The present printed edition, limited in number and edited direct from the original Manuscripts, which are now in the Royal Irish Academy, distinguishes between the contributions of the various authors and authorities, particularly between the material written in the field and material copied by scriveners from older printed and manuscript sources in the Dublin libraries and edited with scissors-and-paste into the Letters. One set of most interesting material in the present Mayo volume is the stories written for O’Donovan by Hennelly, the hedge schoolmaster of Ballintober Abbey, in which quotations in Irish are written in phonetic English script.

This Mayo volume is the ninth in a projected series of 23 volumes.

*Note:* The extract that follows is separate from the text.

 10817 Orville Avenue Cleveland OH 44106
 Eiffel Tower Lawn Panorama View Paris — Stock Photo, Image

O’Donovan began work at Ballina in Mayo with his colleague, Thomas O’Conor, early in May 1838. On Saturday, May 12th, he wrote the first of 70 letters to Thomas Larcom, Superintendent at the headquarters of the Survey in Dublin, reporting on their first sortie into Tirawley, where St. Patrick had built a square earthen church of clay for want of wood. Larcom, sensing the need to meet adverse criticism, was pressing his team forward. Complimenting O’Donovan on his part in the work so far on April 26th, he argued the need for ‘exceptional rapidity’ in that year’s Survey; he felt it necessary ‘to publish rapidly now, that we may get a hold on public opinion.’

O’Donovan continued in Killala and Rathfran, while O’Conor went first east to the O’Dowda country of Killgarvan and Attymas, then west to Cross-Patrick, Kilcummin, the tribal centre at Mullafarry, and finally D·n Briste, where he quoted at length from McParlan’s Statistical Survey of the county.

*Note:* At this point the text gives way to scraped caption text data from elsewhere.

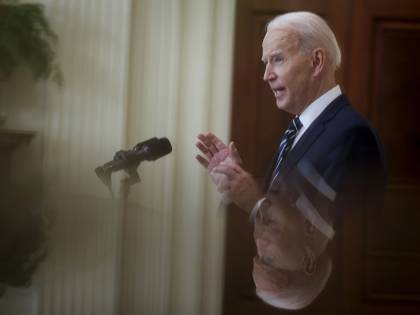 Agli Usa il doppio di dosi. Ma Biden delude l'Ue: niente regali sui vaccini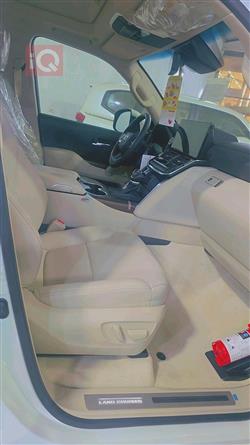 تۆیۆتا لاند کروزەر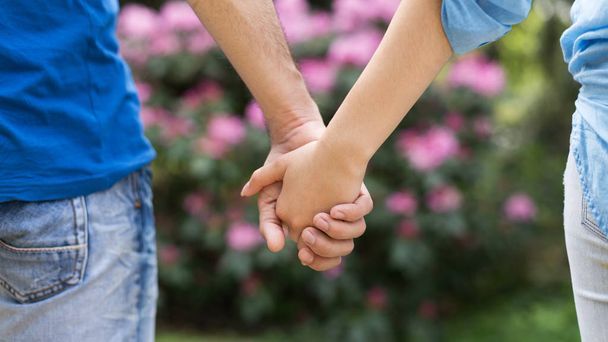 رابطه عاطفی - آموزش روابط زناشویی -شناخت مردان و زنان - عشق محبت - روانشناسی مهارت‌های ارتباطی دختران و پسران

On May 25th, O’Donovan parted company with O’Conor to visit on the Mullet peninsula ‘the celebrated father Lyons’, who had promised him every assistance. As well as assuring him congenial company in comfortable quarters, this enabled O’Donovan to see and report briefly on the Promontory Fort with chevaux-de-Frise of Dunnamo, to visit Brendan’s hermitage on the island of Inishglora and to record the results of Dean Lyons’s investigations on the Inishkeas. He also took down the story of Deodruisg and Dun Briste at Lyons’s dictation in the local Irish dialect.

O’Conor moved south from Ballycastle past Nephin via Nephin and Foxford, staying a night at the Pontoon Hotel; then Swinford, Ballaghaderreen, Claremorris, Ballyhaunis and Castlebar, while O’Donovan took the western route south to Westport and Ballinrobe. They met at last at Ballinrobe on August 10th, where, having compared notes, O’Donovan wrote an essay of over 100 pages on the ancient territories of the county. They wrote up the remaining Parish reports on Mayo at Tuam in late August before moving on to begin work in county Galway.